When we started Open Door, we started by teaching children for a year. Since then, whenever we design a product, we keep the focus on making an impact on the children. Also, we consider our enterprise as a marathon, not a short term race.

7.   How hard is it to have a work-life balance as a startup founder and how do you manage it?

I have always thought that when work is exciting, you don’t need work-life balance (unless it has a negative impact on health or personal life). Running a startup is so much joy that you may not need a ‘life’. You are constantly thinking. You always have 3-4 challenges lingering in your mind. 

Recently, I have started to realise that it is also important to balance your family and make sure that you send time with them. I have struggled with this but I try to take second half off on Saturdays. I have also realise the importance of good health. I have started going to the gym and watching my diet.

8.   Have you raised funding? If yes, then we would like to know the details. If no then please tell us if you are looking to raise.

Our first and only round of funding was in 2016. Since then we have remained lean and profitable and have not needed funding. We are open to funding in the future if need be. But we have no plans to raise any funds for the sake of raising funds.

9. What’s the biggest misconception people have about you? Why do they have that? What’s the reality?

When I meet school principals, they often tell me: ‘There are so many questions on the internet. How good can Open Door’s questions be? After all, questions are questions.’ Many edtech startups’ founders have told me: ‘Stop wasting time designing questions. Hire teachers, pick questions from the internet.’

People do not realise that making questions is easy. But, making good questions is difficult. It needs out of the box thinking and a lot of time. Year after year, Open Door team has created fresh questions in its assessments. These are questions that no teacher, no student has seen else where. These questions are so unfamiliar that they leave children with no option but to think.

10. What gets you excited about this company?

Open Door is a company like no other company in the world.

First, the problem statement is very challenging. We are trying to fundamentally change the school system, which hasn’t been changed in centuries.
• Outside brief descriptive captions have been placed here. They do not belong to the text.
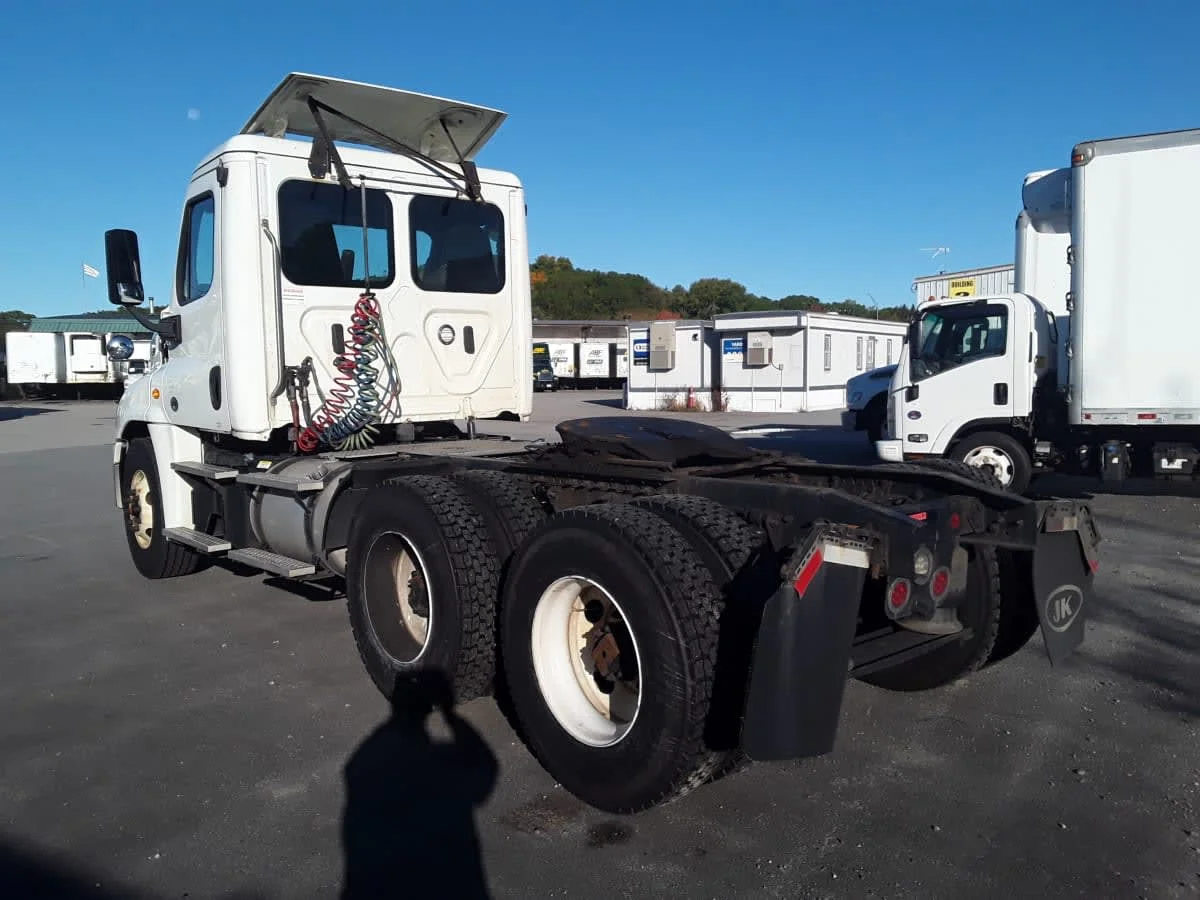 2019 Freightliner Cascadia in Salisbury, MA — photo 6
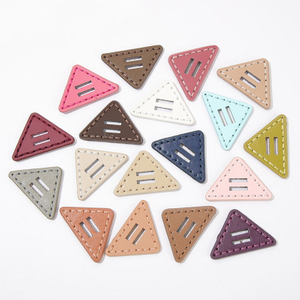 Accessori per cucire Triangolo all'ingrosso Bottone in pelle PU colorato vintage a 2 fori per abbigliamento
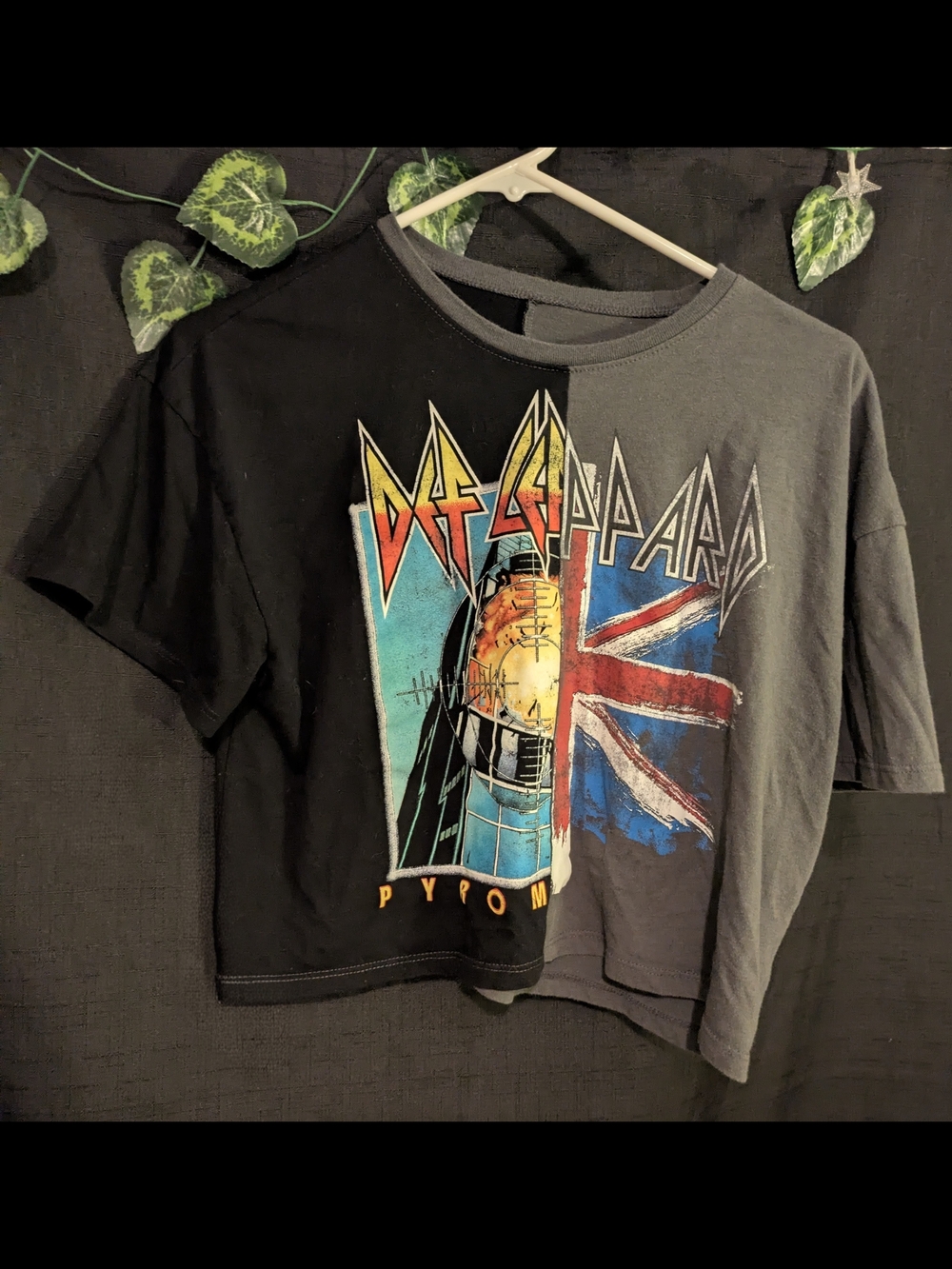 Def Leppard Split-Graphic Black Crop Tee - Women's Short Sleeve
And if the problem is solved, that is, if we are able to create a generation of thinkers and curious learners, it can drive innovation and better understanding of the world. It can improve many problems that exist in the world. 

11. Tell us how a day in your life looks like? Your schedule for a day right from the time you get up till you hit the bed at night.
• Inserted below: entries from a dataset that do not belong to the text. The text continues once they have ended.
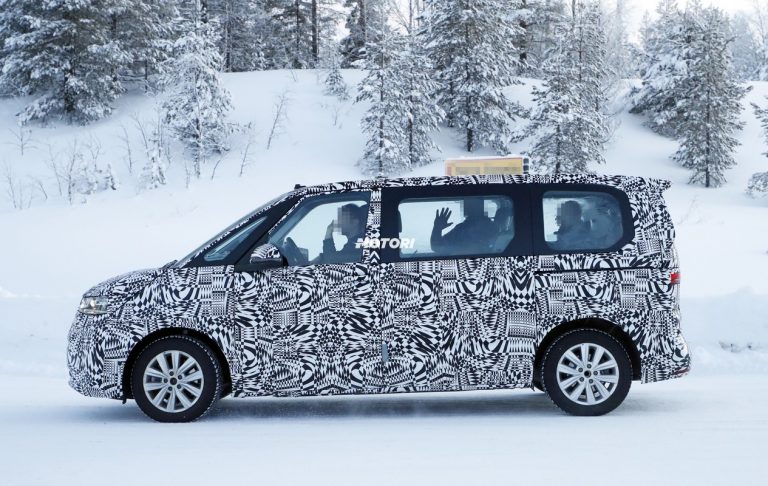 Volkswagen T7: le foto spia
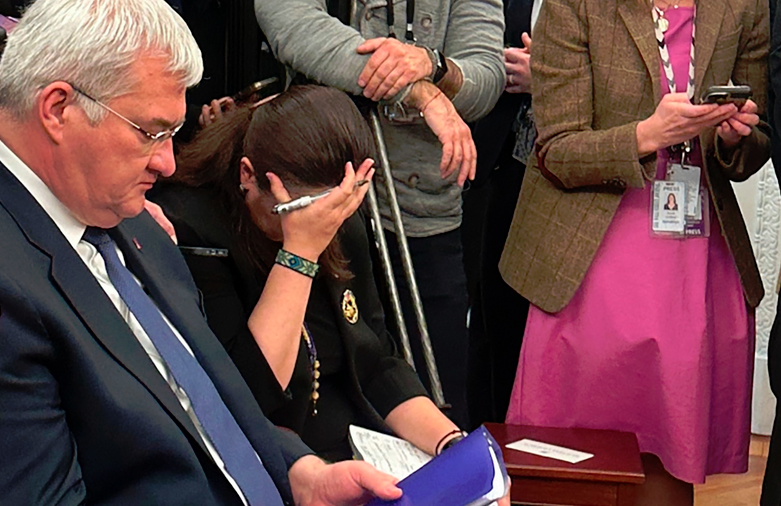 Посол Украины в США Оксана Маркарова во время перепалки Зеленского с Трампом и Венсом. Фото из открытого источника в Яндексе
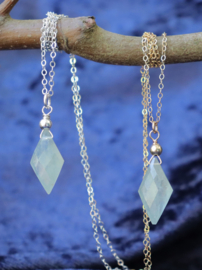 Aquamarijn in diamantvorm geslepen aan een gold filled  of 925 zilveren ketting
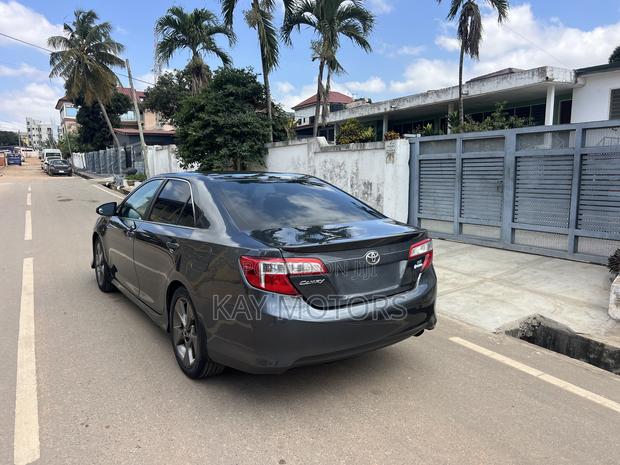 Toyota Camry SE 4dr Sedan (2.5L 4cyl 6A) 2014 Gray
When you run a startup, you are constantly solving problems. You are constantly iterating and making your company better. You think not just for yourself, but for the business, for the team. 

I wake up around 8am. I play with our dog, finish my morning chores and then let my mind wander in the first one hour around some 2-3 current challenges. The challenge could be about improving the efficiency of sales or making a good video. After that, I make a checklist of tasks to be completed in the day.

From 10am – 2pm, I have review meetings with my team members, one by one. Post-lunch, I try to finish some pending work and the checklist of the day. This could include hiring, writing emails, designing a marketing campaign.

 I end my day around 7pm. After that, I hit the gym or play tennis or both. After coming back, I sit down with my wife and we discuss how our day went. I call it a day around 12:30pm.

12. Tell us about your team and how did you meet each other?

Abhishek Kariwal (co-founder of Open Door) and I have known each other since our college days. But, we started having serious discussions about education and entrepreneurship 2-3 years after graduating from college. We started Open Door in 2013 and in 2016, we started hiring our first team members. Today, Open Door has 30 team members who work hard to make Open Door’s vision a reality.